A number of people are at the Bar, drinking in the intoxicating computer savoir faire. On my left is a sales counter. Everyone seems to know who they are and what they want—purposeful, savvy, competent, hip—and isn’t it exciting? Perhaps they’re as clueless as me, but I’m starting to feel very small and out of place. I turn away from the counter toward the middle of the store where there are freestanding product display cases. I can’t tell what any of the products are, and having long forgotten what I’m doing here, I’m feeling bereft and out of place.
A woman with a name badge approaches me. With an easy, reassuring smile, she asks if she can help. “I don’t know,” I confess, “I’ve gotten overwhelmed with all the energy in the store, and I’m feeling small and scared.”
Cheerfully she inquires, “Have you tried meditation?”
I may be overwhelmed, but I’m not about to admit that I’ve been meditating for nearly forty-five years—apparently to no avail, or this just wouldn’t be happening to me! Clearly I’m a failure at meditation, because by now, by golly, I ought to be Master of the Universe! And if not the whole wide universe, at least master of my own objectionable feelings: Edward, are you still getting overwhelmed? You might want to admit what a failure you are and try harder in the future. Meditate more, and life will not be so impossible. “A little,” I confess. “How about you?”
“Yes,” she says with a rush of confidence. “I’ve been meditating for almost three years.”
“Really? And how do you like it?”
“Oh, I just love it,” she beams. “It’s made all the difference, and I have such a wonderful teacher.”
“Really? A meditation teacher here in Marin County?”
After hearing about her wonderful teacher and choking down her encouragement to do more meditation, I excuse myself, saying, “Thank you for telling me about your meditation practice. I think I need to go home and think more carefully about what I want.”

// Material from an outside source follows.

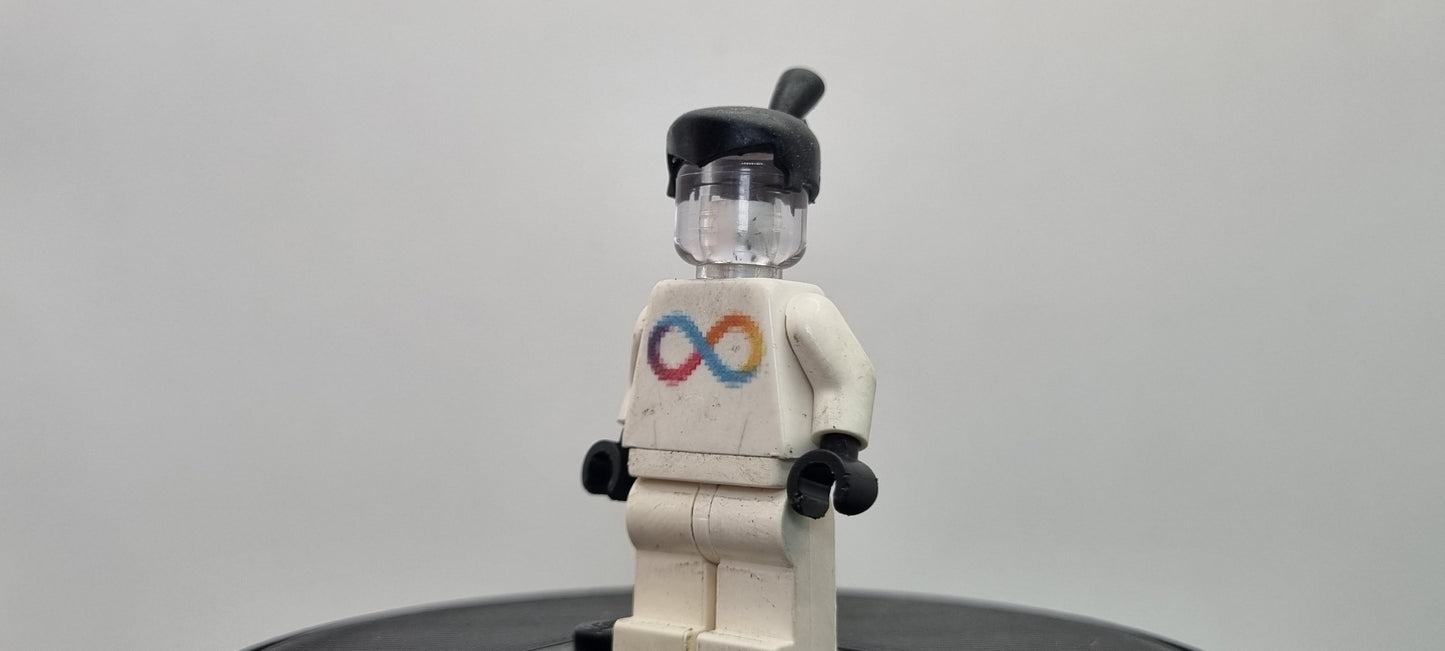 Building toy custom 3D printed samurai that has been send to the future!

She may have thought I was talking about what I really wanted in my life—perhaps more meditation? But I was talking about calling in reinforcements.

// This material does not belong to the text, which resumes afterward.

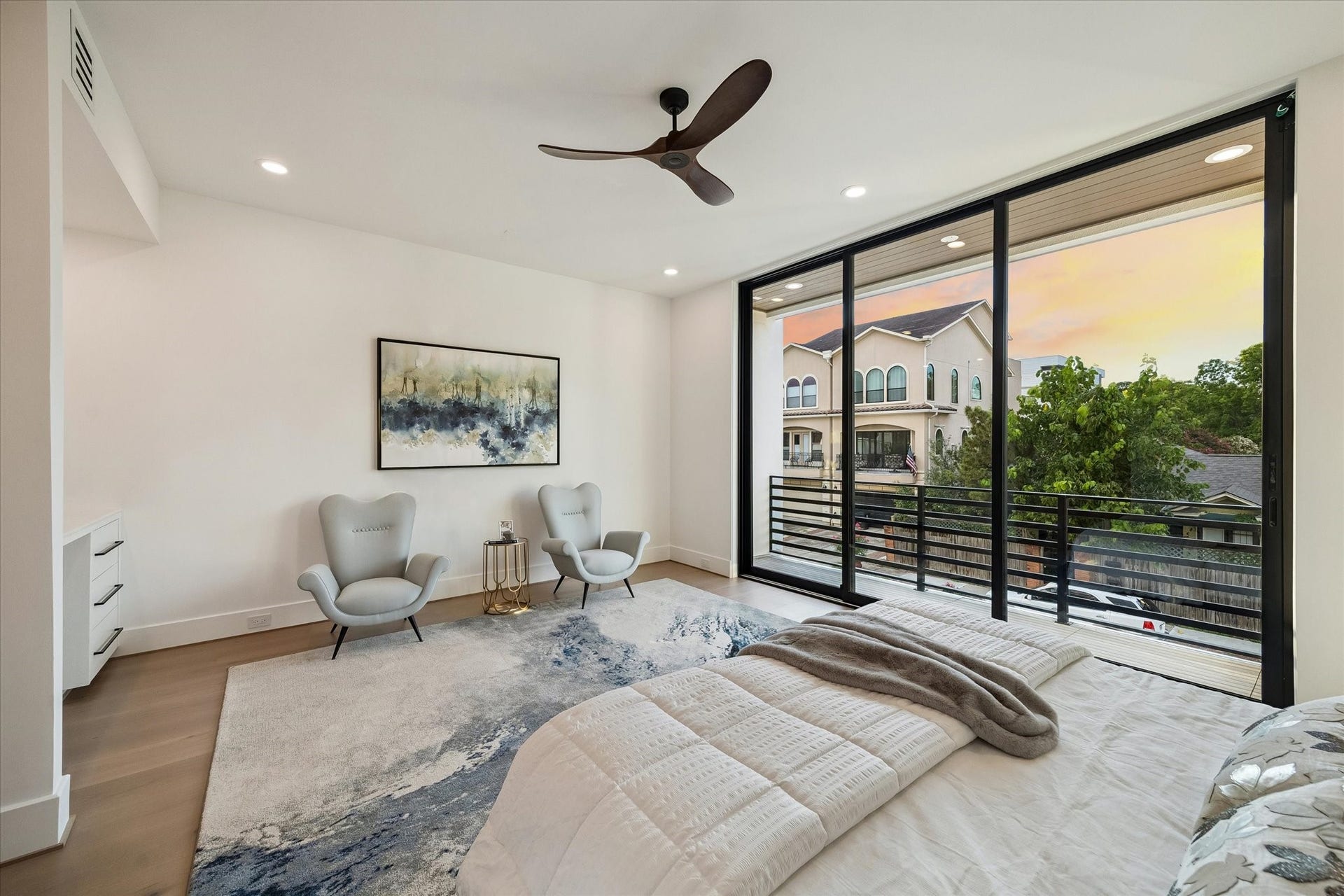 511 W Polk Street, Houston, TX 77019 511 W Polk Street, Houston, TX 77019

Calvin laughs when I tell him about my Apple experience. “Ed, you’re a meditation teacher, not a techie. Let me help you get what you need.”
Shortly after this, Calvin’s blessing on my ThinkPad apparently expires and I really do need a new computer, so he arranges to meet me outside the Mac store. “Now Ed,” he says, “before we go in, let’s sit down on the bench and think carefully about what you want so we can focus on that and get in and get out.”
Beautiful women are strolling by, so while we’re talking, my eyes wander from time to time, following the attractively dressed bodies: tight jeans, low-slung belts, flash-of-color scarves. Then I start reflecting that the women are not themselves beautiful—they just walk around looking beautiful: “You do like my look, don’t you? It’s a good one, isn’t it?” Beyond their look, I wonder who’s there? Not much in the way of clues. What’s clear, though, and they don’t need to say it, is that “it’s not for you, old man.” Life is basically impossible. You do it every day.
Calvin’s getting our list together: computer, modem for my dial-up. “Do you want a service policy? Probably not. How about an iPod—you could use it in your car, and I’ll help you get it set up.”
“Sure,” I say, “as long as I’m getting an Apple computer, I’ll get an iPod. I want one in that hot purple-pink.”
Calm as can be, somewhat deadpan, Calvin says, “Wow, you’re really getting into this shopping stuff, aren’t you Ed?” I’m tempted to tell Calvin my meditation must be going better, but I shrug. Feeling confident with him by my side, I head into the store.